O Trianon opera com dois pontos na mesma quadra da avenida Protásio Alves, sendo um dedicado somente ao delivery, que hoje representa 60% do faturamento do negócio. O salão passou por uma reforma há cinco anos para acompanhar a modernização da marca. "Vi a necessidade de reformar completamente o restaurante, porque estava com uma decoração muito década de 1990. Acrescentamos outras opções ao cardápio, como hambúrguer e pratos para crianças. Nunca perdendo o que é o Trianon", afirma.
A longa trajetória da marca faz do negócio uma testemunha das mudanças da cidade. Gustavo conta que escuta de clientes mais velhos relatos que despertam sentimentos ambíguos. "Ao mesmo tempo que dá alegria, dá tristeza, porque Porto Alegre mudou muito. As pessoas nos contam nas redes sociais que vinham caminhando na avenida Protásio Alves à noite até o Trianon, que desciam do IPA pela rua Santa Cecília para comer um bauru. É uma mudança comportamental, de segurança, as pessoas têm medo", comenta. No entanto, ele acredita que a região está passando por uma transformação positiva. "O bairro passou por momentos piores, mas está mudando. Muitos clientes vinham no antigo hospital da Ulbra, que fechou, mas já se sabe que uma grande construtora comprou o terreno. Várias casas estão virando prédios. A Protásio está mudando", percebe.
Hoje com 40 funcionários, o empreendedor conta que precisou demitir parte da equipe durante a pandemia. Segundo ele, foi o pior momento do negócio. "Nunca tínhamos ficado fechados. Quando abriu, cheio de restrições, ninguém vinha ao restaurante porque estava com medo. Não atendíamos nem 10% do que a loja estava apta, tivemos que demitir muitos funcionários, foi bem traumático", lembra. Para ele, foi mais um dos percalços inerentes a ser um negócio de longa trajetória e que preza por manter a sua identidade. "São centenas de opções que têm em Porto Alegre novas e modernas. Muitas delas, abrem, aparecem no jornal como sendo uma coisa fantástica, e em dois anos fecham. Porto Alegre é uma cidade que vive de modismo, e nós estamos aqui, há 60 anos, aos trancos e barrancos, independentemente se é Plano Real, Plano Collor, Plano Bresser, Plano Verão. Mas o pior cenário, sem dúvida, foi o cenário dos últimos dois anos disparado", garante.

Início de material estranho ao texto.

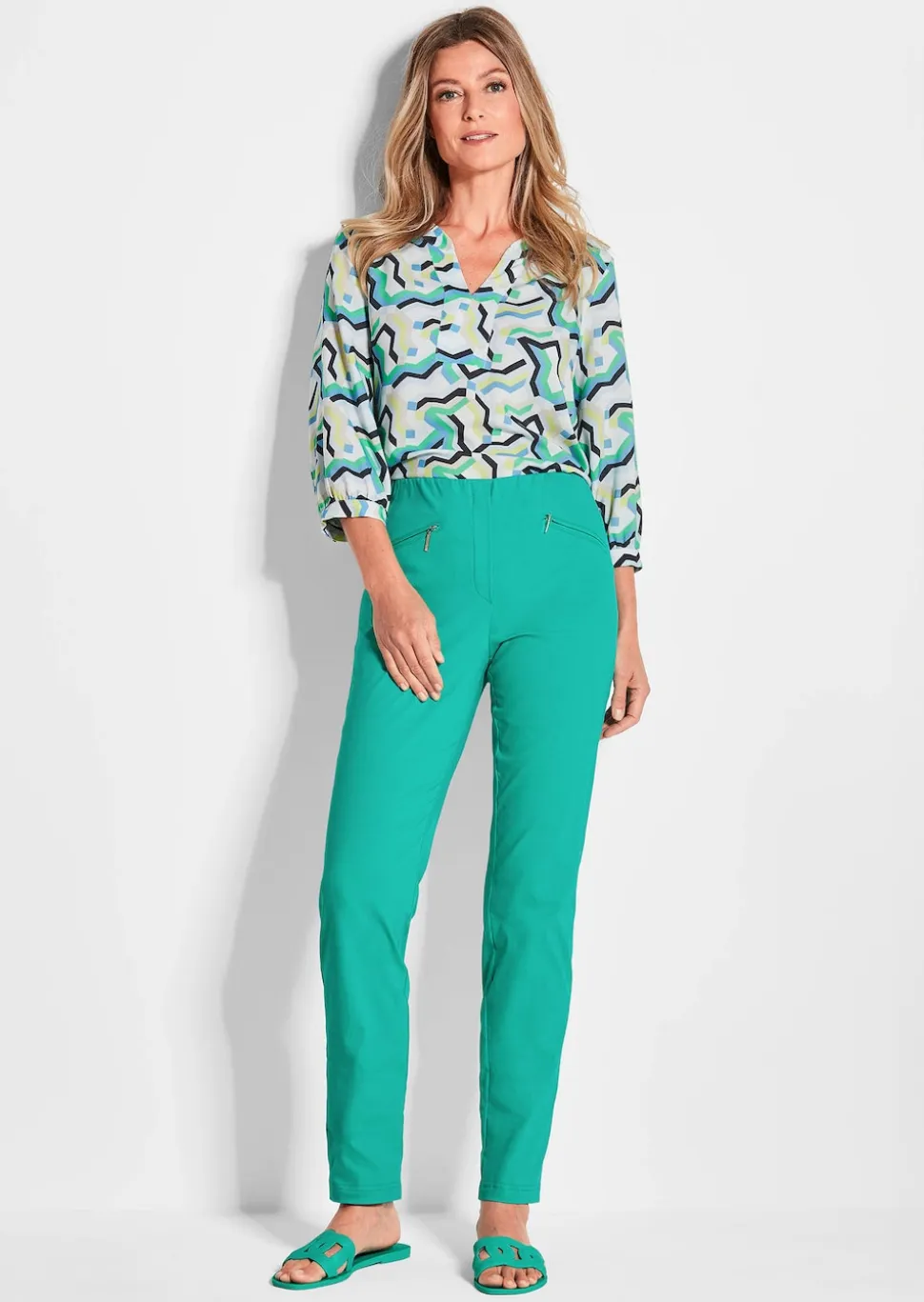 Schmale Bengalinhose LOUISA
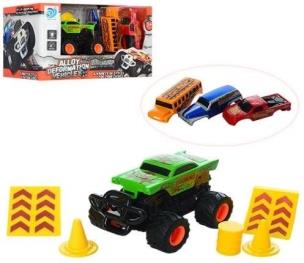 Opakowanie Metalowy samochód MIX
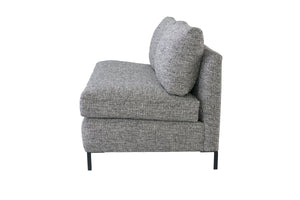 Radley Armless Sofa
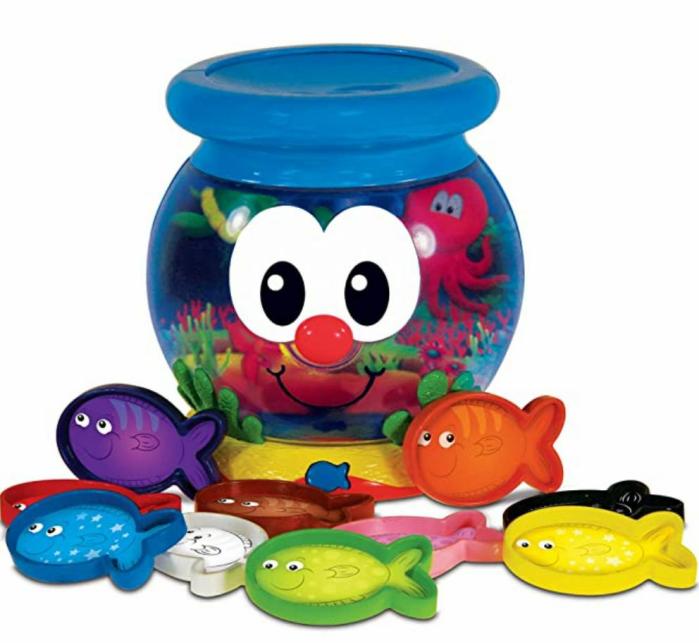 Dramatic Play |   Learning Colors Fish Bowl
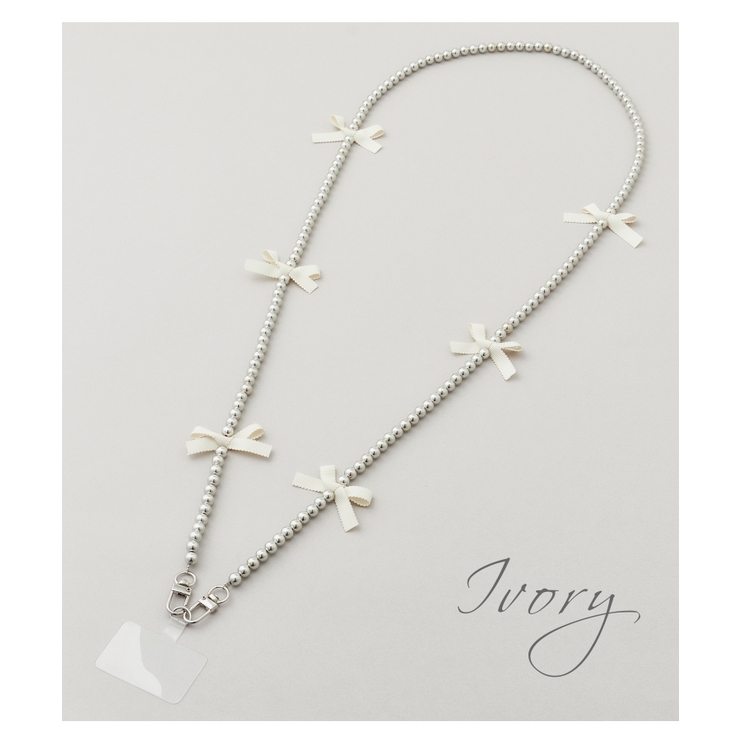 ストラップ スマホストラップ ネックストラップ | Honeys | 詳細画像15 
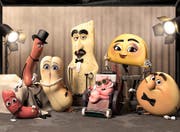 Leckere Speisen sind die Protagonisten in «Sausage Party», welche sich gegen die Gefrässigkeit der Menschen wehren müssen. (Bild: Disney/PD)
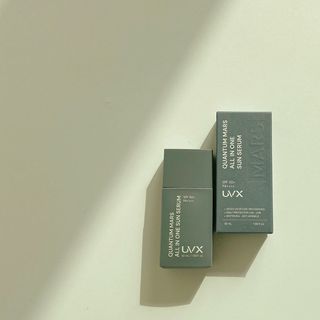 UVX 퀀텀 마스 올인원 선세럼 — 5점을 준 리뷰어가 2024년 1월 올린 사용 사진
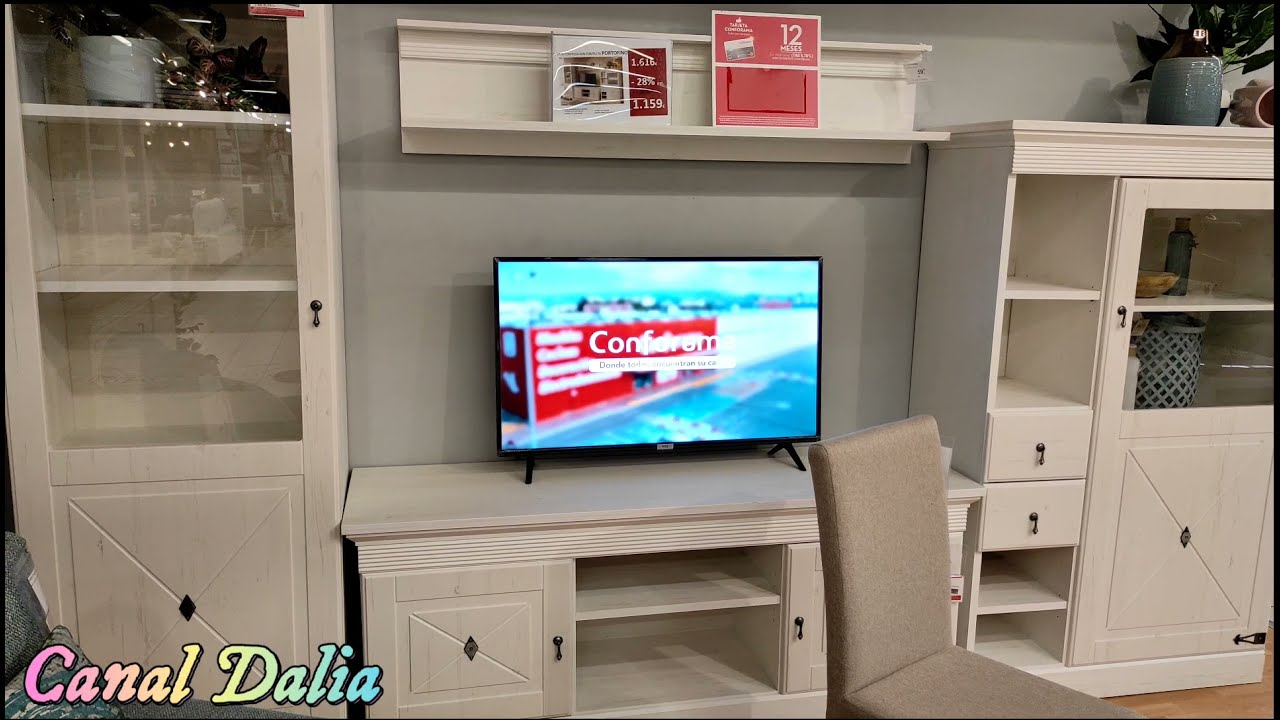 CONFORAMA 😍 VITRINAS 🛍️ SOFÁS 🛋️ NOVEDADES 😱 DECORACIÓN 🔴 NAVIDAD ❄️ TOUR✨IDEAS 💡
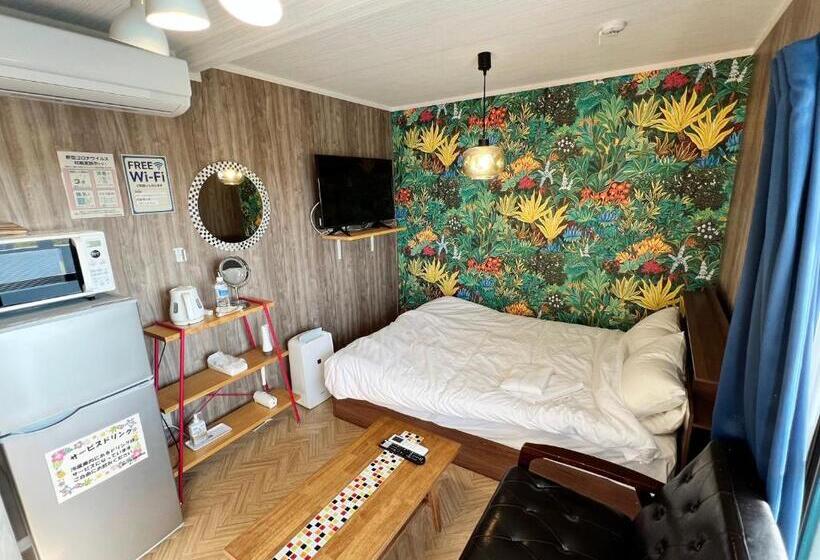 ホテル Shiawaseninaru Kourijima No Yado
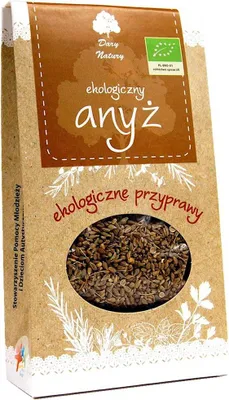 ANYŻ BIO 30 g - DARY NATURY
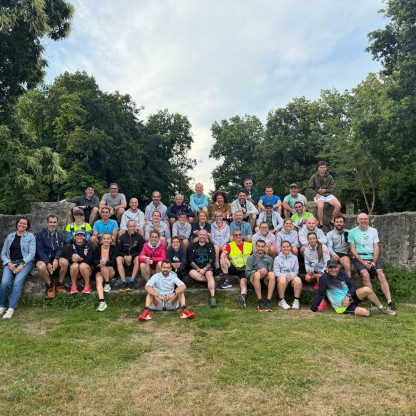 Sortie avec Run qui Peut le 10 juin 2026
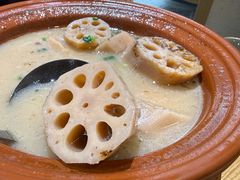 筒子骨藕汤-董厨煨汤馆(车站路店)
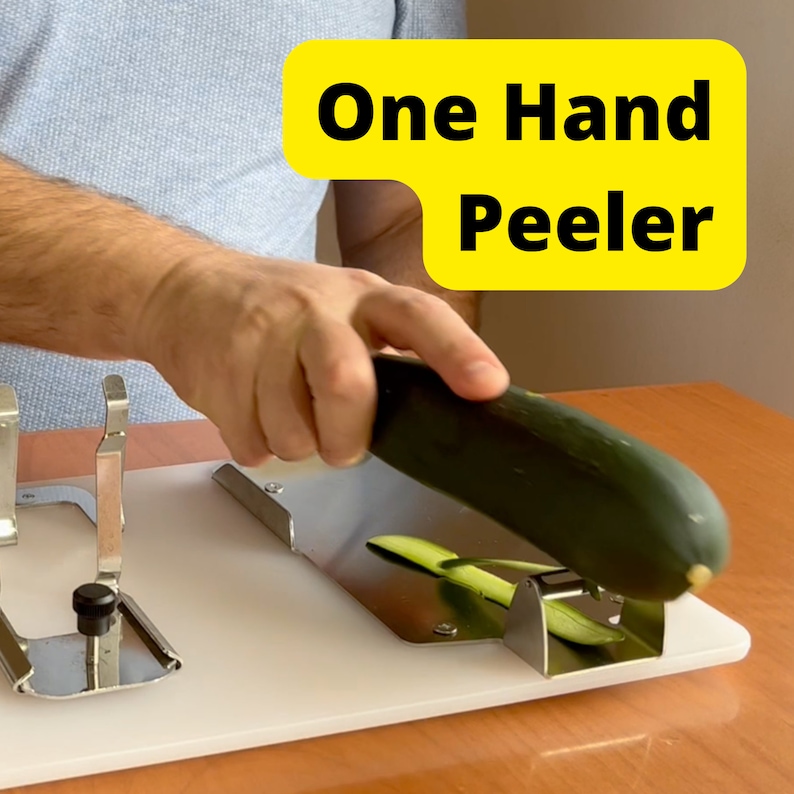 Onehanded Cutting Board. Adaptive Kitchen Equipment. HELPFUL for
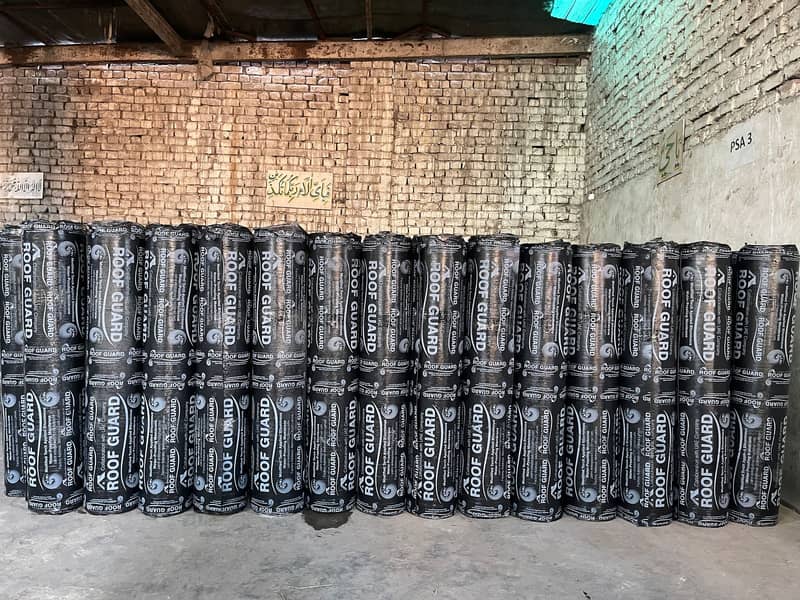 Waterproofing Bitumen Membrane Sheet/ RCC Roof/ leakage/ Basement|DPC 4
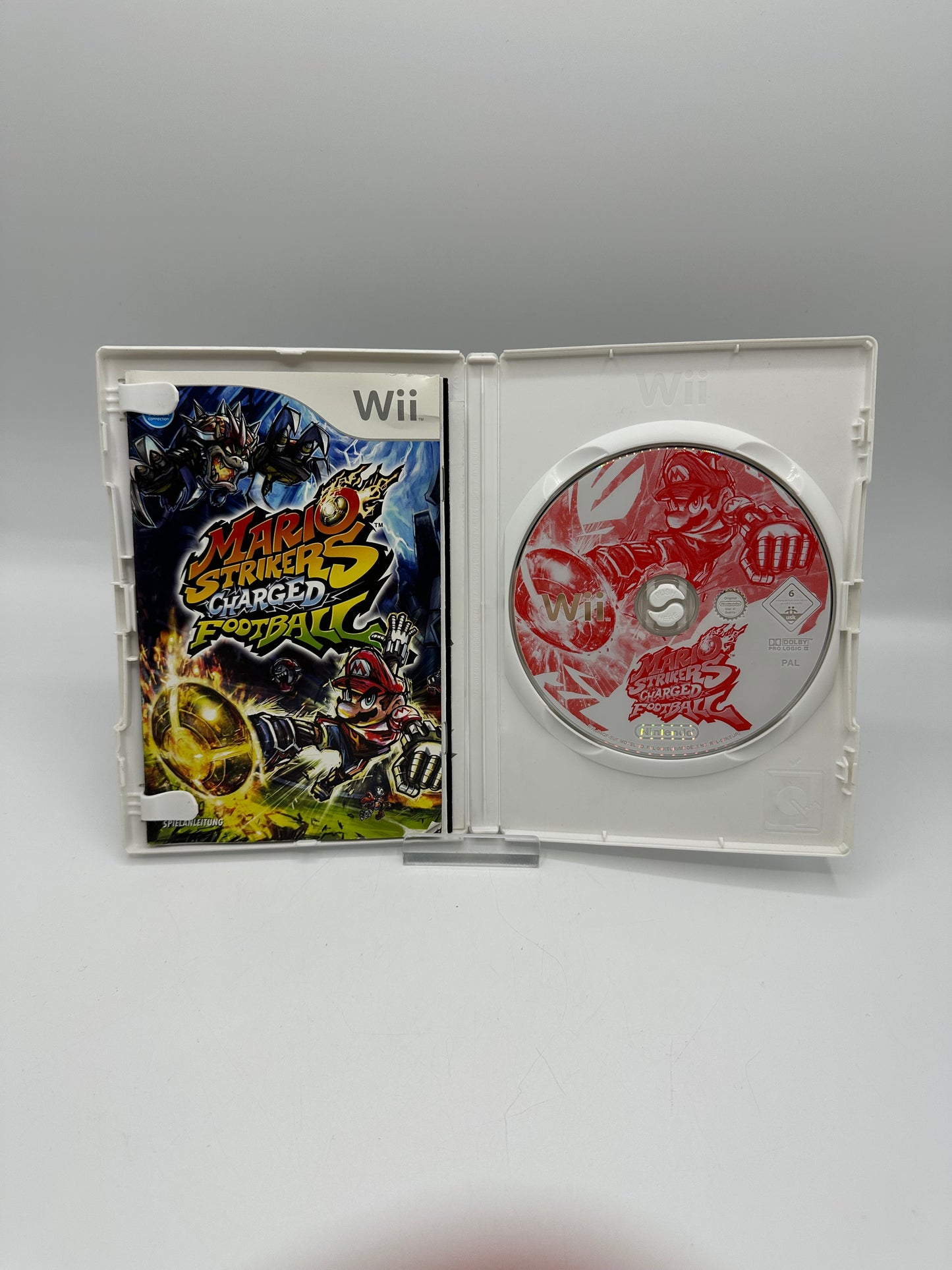 Mario Strikers Charged Football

Para Gustavo, o segredo para conseguir passar pelas adversidades e manter um negócio promissor é conhecer bem o mercado em que se atua. "Restaurante em Porto Alegre com 60 anos ou mais são poucos. O segredo é a qualidade, produto, dedicação, muito empenho e conhecimento do negócio. O que vejo, muitas vezes, são pessoas que nunca trabalharam com gastronomia e entraram no segmento. É um ramo bem complicado, muito difícil. Para mim, é mais fácil porque já nasci aqui dentro, venho desde pequeno", afirma.